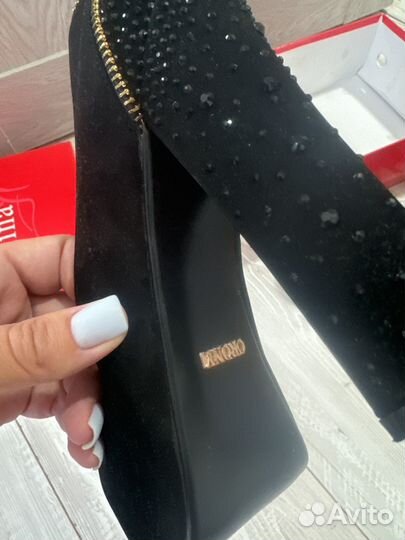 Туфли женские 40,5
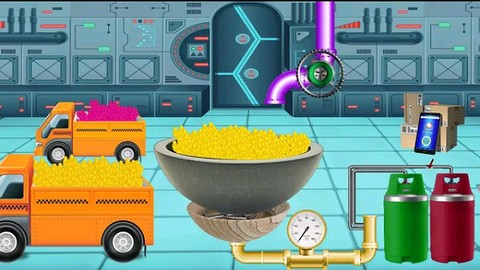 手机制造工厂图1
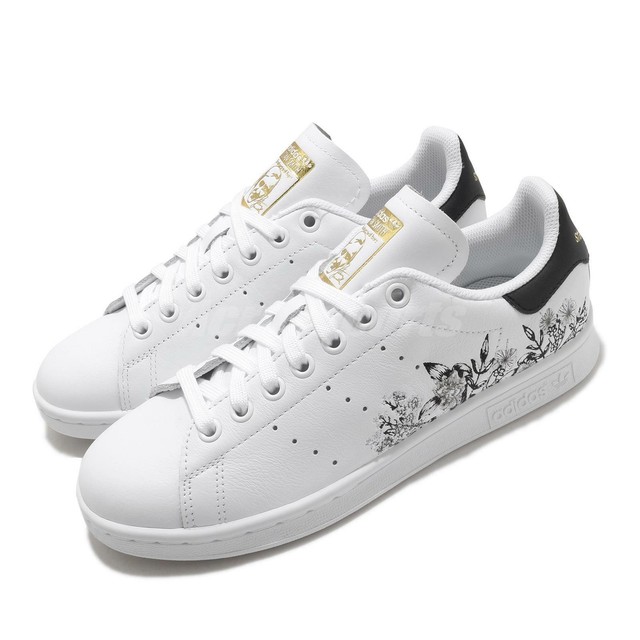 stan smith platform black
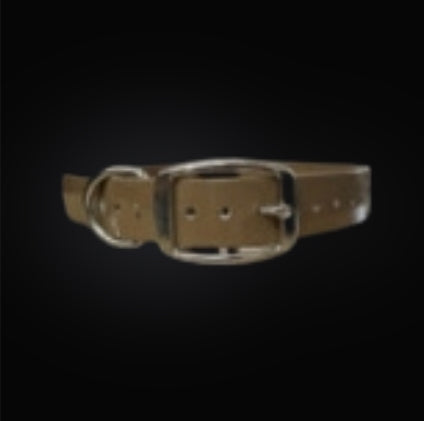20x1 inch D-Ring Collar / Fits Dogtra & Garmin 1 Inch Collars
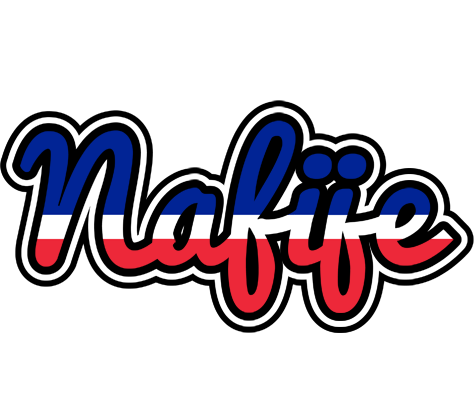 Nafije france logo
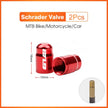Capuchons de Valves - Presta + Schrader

= = = = = = =

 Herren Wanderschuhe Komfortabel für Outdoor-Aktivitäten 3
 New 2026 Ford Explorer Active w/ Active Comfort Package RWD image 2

= = = = = = =

- Task
Having found the line with "Туфли женские 40,5" and the line with "Capuchons de Valves - Presta + Schrader" in the material above, write out exactly those two and every line between, leaving the pictures out.

- Output of the exercise
 Туфли женские 40,5
 手机制造工厂图1
 stan smith platform black
20x1 inch D-Ring Collar / Fits Dogtra & Garmin 1 Inch Collars
 Nafije france logo
Capuchons de Valves - Presta + Schrader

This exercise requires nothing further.